TASK TO COMPLETE | A faithful copy is required: retype the records from their first line through the line with "Anteprima dell'app", and omit the pictures.

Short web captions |

◆ ◆ ◆

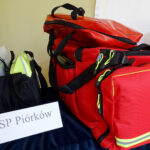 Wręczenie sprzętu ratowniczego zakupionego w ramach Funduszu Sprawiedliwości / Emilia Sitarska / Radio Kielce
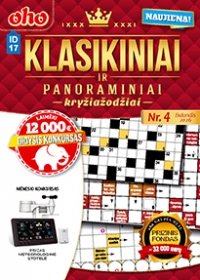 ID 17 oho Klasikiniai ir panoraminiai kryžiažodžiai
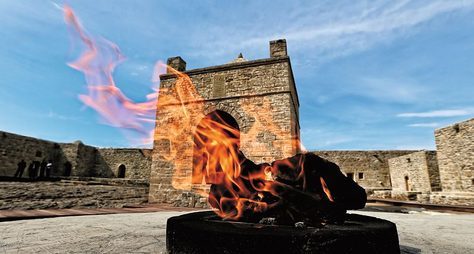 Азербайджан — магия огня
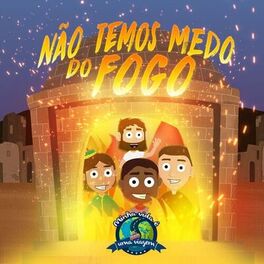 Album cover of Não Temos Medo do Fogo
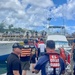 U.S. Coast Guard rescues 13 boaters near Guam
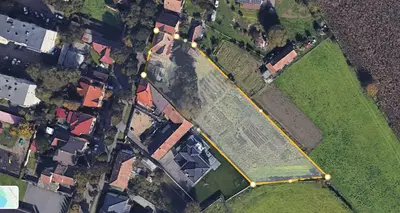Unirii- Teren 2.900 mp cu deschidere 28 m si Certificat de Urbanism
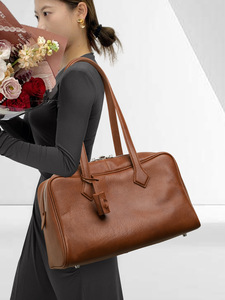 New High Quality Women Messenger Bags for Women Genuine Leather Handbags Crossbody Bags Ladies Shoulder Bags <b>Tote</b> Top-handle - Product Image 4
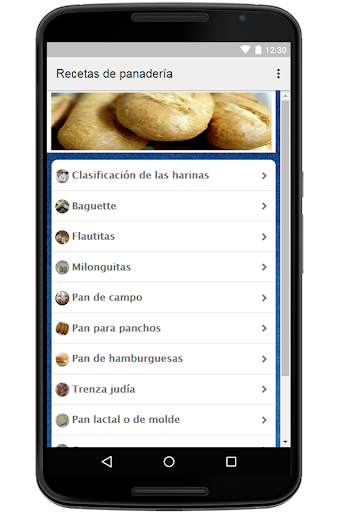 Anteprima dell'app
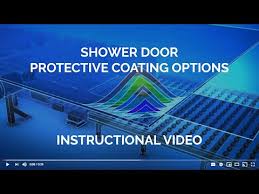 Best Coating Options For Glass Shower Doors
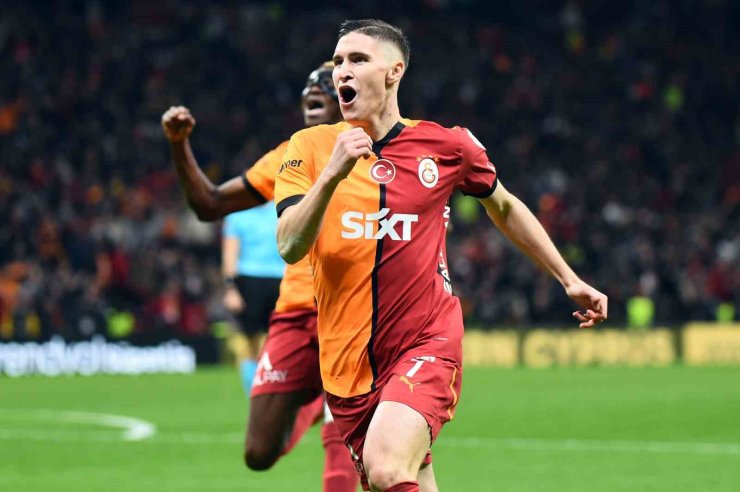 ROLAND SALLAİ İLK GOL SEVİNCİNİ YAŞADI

◆ ◆ ◆

ANSWER BOX |
 Wręczenie sprzętu ratowniczego zakupionego w ramach Funduszu Sprawiedliwości / Emilia Sitarska / Radio Kielce
 ID 17 oho Klasikiniai ir panoraminiai kryžiažodžiai
 Азербайджан — магия огня
 Album cover of Não Temos Medo do Fogo
 U.S. Coast Guard rescues 13 boaters near Guam
Unirii- Teren 2.900 mp cu deschidere 28 m si Certificat de Urbanism
 New High Quality Women Messenger Bags for Women Genuine Leather Handbags Crossbody Bags Ladies Shoulder Bags <b>Tote</b> Top-handle - Product Image 4
 Anteprima dell'app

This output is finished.